SOONERS

Unexpected introduction to hockey led to a career for Oklahoma City native

Ryan Aber
Nick Fleehart, who grew up in south Oklahoma City, is back in town with his RV and his Beer League Players Association, which is staging a local event. He poses for a photograph at a RV park in Newcastle. [Sarah Phipps/The Oklahoman]

Nick Fleehart didn’t expect his first trip to visit his then-girlfriend’s family in Calgary, Alberta to be a life-changing experience.

But his future in-laws didn’t leave him much of a choice.

“They bought me hockey gear and said, ‘You’re going to be a hockey player,’” Fleehart said.

Fleehart grew up in south Oklahoma City, playing baseball at Westmoore and in college.

“The only hockey that I’d ever experienced was the Blazers, and then it wasn’t really for the hockey but it was more for the coin beer on Thursday nights,” Fleehart said.

A little more than a decade later, hockey consumes Fleehart.

Living in Calgary with his now-wife, Fleehart plays regularly and runs a company that puts on hockey draft tournaments across North America.

This weekend, the tournament comes to Fleehart’s hometown for the first time.

The event begins Friday at Blazers Ice Centre.

The tournament format was tweaked a bit to make events safer.

While drafts are normally held at a bar or restaurant, now they’re being held outside where social distancing is easier. The number of participants was cut by about 60%, body temperatures are checked upon entry and masks are required to be worn everywhere but on the ice.

“We want to do what we can to keep everyone safe,” Fleehart said.

When Fleehart returned from that first trip to Calgary, he had to find a team.

He recruited a couple friends to start their own.

“I just wanted a place for us to play and I didn’t think anyone would want three brand new players playing for them,” he said.

Kyle Young, who had been good friends with Fleehart’s brother and had grown close to Fleehart after the pair started working together, was one of the players Fleehart recruited to give hockey a try.

“I never played when I was younger other than just in the street because my parents didn’t have enough money to afford it and at the time he asked me, I was making OK money, so I said, ‘Let’s do it,’” Young said. “The second he said it, I was all in.”

They recruited a couple of other friends who wanted to play. The rest they recruited through Craigslist ads.

Fleehart got some help from a group of players he’d met in Calgary who sent him a few boxes of hockey gear to get the group started.

Eventually, Fleehart and his wife moved to Calgary to be close to her family.

In Oklahoma he had to create a team to get on the ice initially and eventually organized a private game so he could play twice a week.

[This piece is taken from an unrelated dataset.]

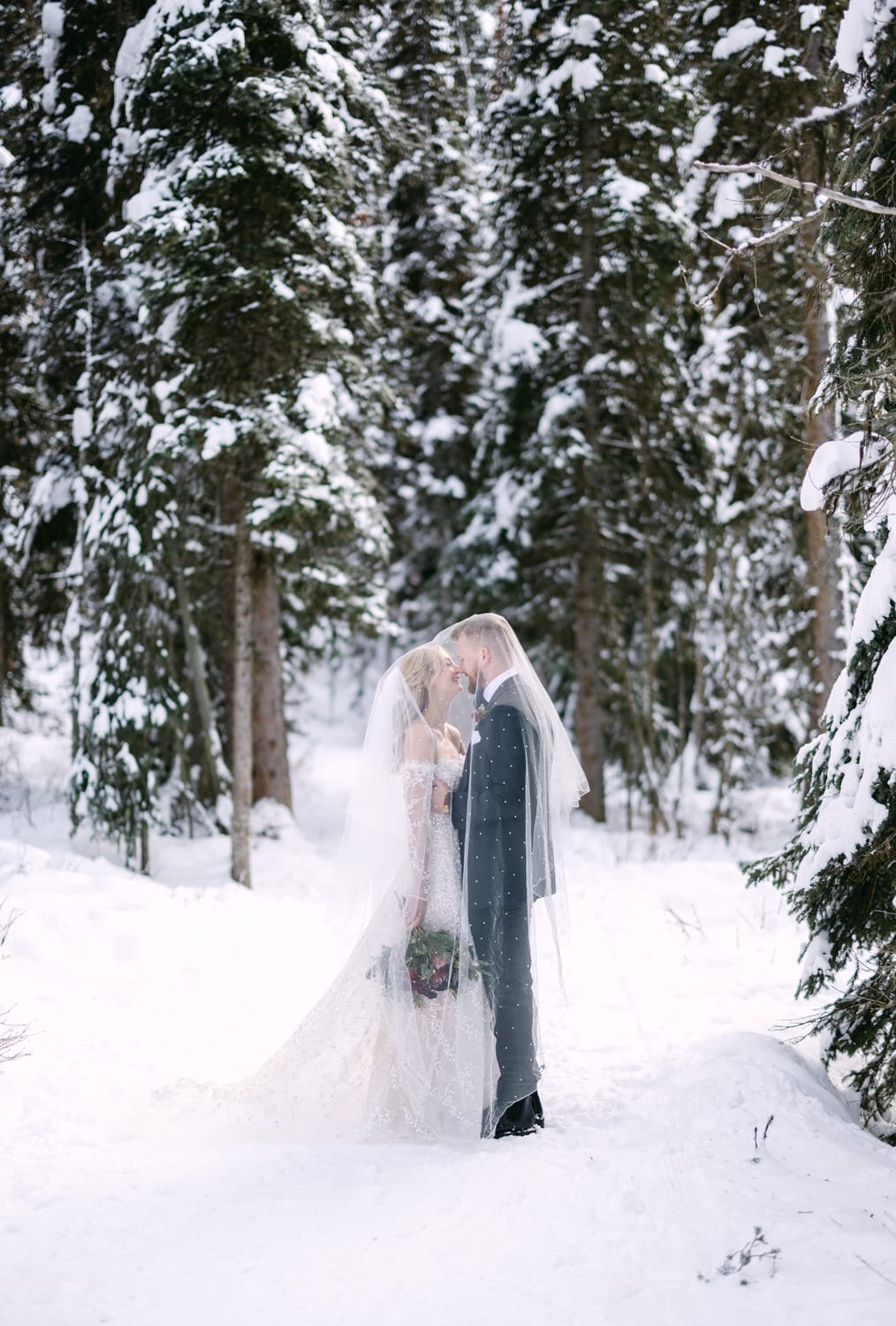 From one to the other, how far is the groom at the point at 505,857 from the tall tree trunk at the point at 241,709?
18.3 feet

In Canada, Fleehart could play every day if he wanted.

Fleehart started off with another company that put on such tournaments before branching off to start The Tournament Company and the Beer League Players Association last year.

The BLPA is an online community for adult athletes that goes beyond hockey.

The Tournament Company is already expanding beyond hockey, adding softball with golf events planned as well.

Players enter individually, then are put on teams with a draft event the night before the tournament starts.

Goalies pick the teams, starting off the event by chugging a beer — or a non-alcoholic beverage — to decide who picks first. The players are divided by rounds based on their skill level. After each round of selections, the players selected do their own chugging contest to decide the selection order for the next round.

“I always wanted to create something that was more along the social aspect of hockey and not just the competitive,” Fleehart said. “It doesn’t matter what skill level you are, you can come out and take part in this event.”

Each tournament features jerseys with a unique theme, with most tailored to the city where the tournament is held.

Oklahoma’s uniform themes include one based on the state flag, tornadoes and oil drilling.

Fleehart wasn’t sure if this year’s tournaments were going to be able to be played.

Originally the Oklahoma City event was scheduled for mid-April, but the pandemic caused it to be postponed.

It wasn’t just about the availability of the rinks, though.

Fleehart, a diabetic, was concerned about doing heavy travel this summer and fall and he didn’t want to bring the virus home to his wife and 3-year-old son.

So he hatched an idea to buy an RV and travel around the country, tournament to tournament.

While his wife, Tanis, remains home in Western Canada with their son, Fleehart is driving around the country in a 32-foot RV.

He’s been in the Oklahoma City area for most of the last two weeks after the tournaments restarted in Colorado Springs in late July.

“Home is home and Oklahoma is home and to be able to bring something cool back home and to have all my friends that are still playing hockey involved in it is priceless to me,” Fleehart said. “It’s something that you dream about and we can make it happen.”